Lors de la prochaine élection présidentielle, c’est un scoop éventé, le Front National fera un score excellent, et sera peut-être présent au second tour. Aussitôt, la France s’enfoncera un peu plus dans la déprime, et tout ce que le pays compte de théoriseurs-en-rond professionnels s’interrogera gravement sur la montée européenne des populismes, la crise du lien social, l’anomie individuelle dans la mondialisation globalisée, le besoin de protection, le sourire de Marine Le Pen, la xénophobie peut-être liée structurellement au développement exponentiel de la Chine ou au réchauffement climatique. Pourtant, il y a une raison simple, d’offre politique : pour qui voulez-vous que les Français votent en 2017 ?

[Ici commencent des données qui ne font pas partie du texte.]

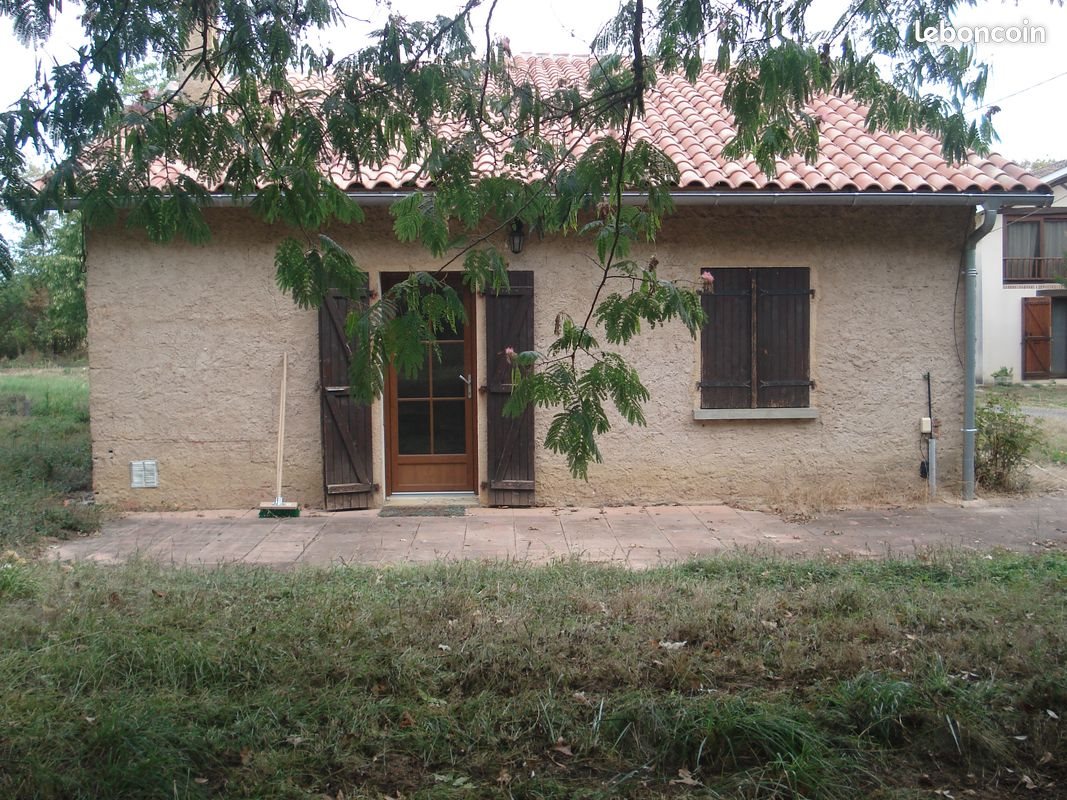 Maison à louer, 97m², Montestruc-sur-Gers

Voyons voir. La droite a un problème, elle attend Nicolas Sarkozy, en effet seul géant parmi les nains, mais il suffit de sortir acheter une baguette de pain, rencontrer trois personnes et discuter cinq minutes dans la rue pour comprendre que les Français ne le rééliront rigoureusement jamais, et le considèrent définitivement, au mieux, pour un menteur bavard et égocentrique, au pire, pour un criminel vaguement louche. L’extrême gauche est discréditée for ever, les Verts sont ridicules, les centristes ne se sont pas aperçus que l’élection présidentielle se jouait sur deux tours, et d’ailleurs personne dans l’histoire de l’humanité n’a jamais voté pour des centristes. Quant au Parti Socialiste, il est vieux, il est déjà mort, il tient un discours incompréhensible et hors-sol, écrit par des sociologues pour des profs d’histoire, c’est un Parti qui n’a plus eu une seule idée depuis la fin du Minitel, et tout ce monde-là, droite et gauche, est vu comme une caste de privilégiés, impunis et impuissants. En 2017, vous aurez donc comme candidat des deux grands partis républicains soit François Hollande contre Nicolas Sarkozy, soit un ancien ministre de François Hollande contre un ancien ministre de Nicolas Sarkozy, c’est-à-dire deux hommes politiques que les Français ont  précédemment renvoyés dans leur cordes, qui seront déjà usés, fanés, rattrapés par leurs fausses promesses, les piteux bilans et scandales de leurs camps respectifs aussitôt que le gong  électoral aura sonné. Et Marine Le Pen, comme c’est curieux, va faire un très bon score.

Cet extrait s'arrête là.